The Human Genome Project revealed that only a small fraction of the 3 billion letter DNA code actually instructs cells to manufacture proteins, the workhorses of most life processes. This has raised the question of what the remaining part of the human genome does. How much of the rest performs other biological functions, and how much is merely residue of prior genetic events"
Scientists from Cold Spring Harbor Laboratory (CSHL) and the University of Chicago now report that one of the steps in turning genetic information into proteins leaves genetic fingerprints, even on regions of the DNA that are not involved in coding for the final protein. They estimate that such fingerprints affect at least a third of the genome, suggesting that while most DNA does not code for proteins, much of it is nonetheless biologically important important enough, that is, to persist during evolution.

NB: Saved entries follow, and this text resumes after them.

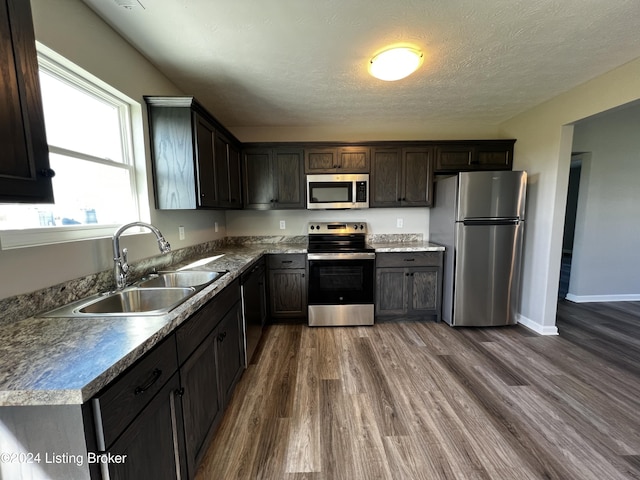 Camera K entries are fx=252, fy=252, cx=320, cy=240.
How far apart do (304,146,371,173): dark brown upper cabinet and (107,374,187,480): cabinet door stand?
262 centimetres

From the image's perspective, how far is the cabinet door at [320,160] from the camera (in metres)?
3.11

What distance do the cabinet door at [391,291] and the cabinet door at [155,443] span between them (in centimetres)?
231

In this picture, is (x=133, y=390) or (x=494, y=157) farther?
(x=494, y=157)

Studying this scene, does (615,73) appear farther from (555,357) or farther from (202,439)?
(202,439)

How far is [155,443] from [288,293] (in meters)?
2.06

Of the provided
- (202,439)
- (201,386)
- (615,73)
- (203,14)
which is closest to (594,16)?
(615,73)

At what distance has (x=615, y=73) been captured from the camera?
2.06 metres

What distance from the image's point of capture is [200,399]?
1286 millimetres

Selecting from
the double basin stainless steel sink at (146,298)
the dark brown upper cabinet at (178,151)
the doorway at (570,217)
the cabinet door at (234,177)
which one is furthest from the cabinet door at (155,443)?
the doorway at (570,217)

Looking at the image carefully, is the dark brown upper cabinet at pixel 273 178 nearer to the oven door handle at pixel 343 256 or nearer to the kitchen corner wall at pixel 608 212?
the oven door handle at pixel 343 256

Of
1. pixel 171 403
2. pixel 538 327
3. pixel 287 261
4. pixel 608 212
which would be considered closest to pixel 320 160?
pixel 287 261

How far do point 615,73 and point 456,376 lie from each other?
2.80m

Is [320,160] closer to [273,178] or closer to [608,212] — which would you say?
[273,178]

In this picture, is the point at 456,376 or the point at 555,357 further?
the point at 555,357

Conservation of genetic information
To gauge how critical a particular stretch of DNA is, biologists often look at the detailed sequence of letters it consists of, and compare it with a corresponding stretch in related creatures like mice. If the stretch serves no purpose, the thinking goes, the two sequences will differ because of numerous mutations since the two species last shared an ancestor. In contrast, its believed that the sequences of important genes will be similar, or conserved, in different species, because animals with mutations in these genes did not survive. Biologists therefore regard conserved sequences as a sign of biological importance.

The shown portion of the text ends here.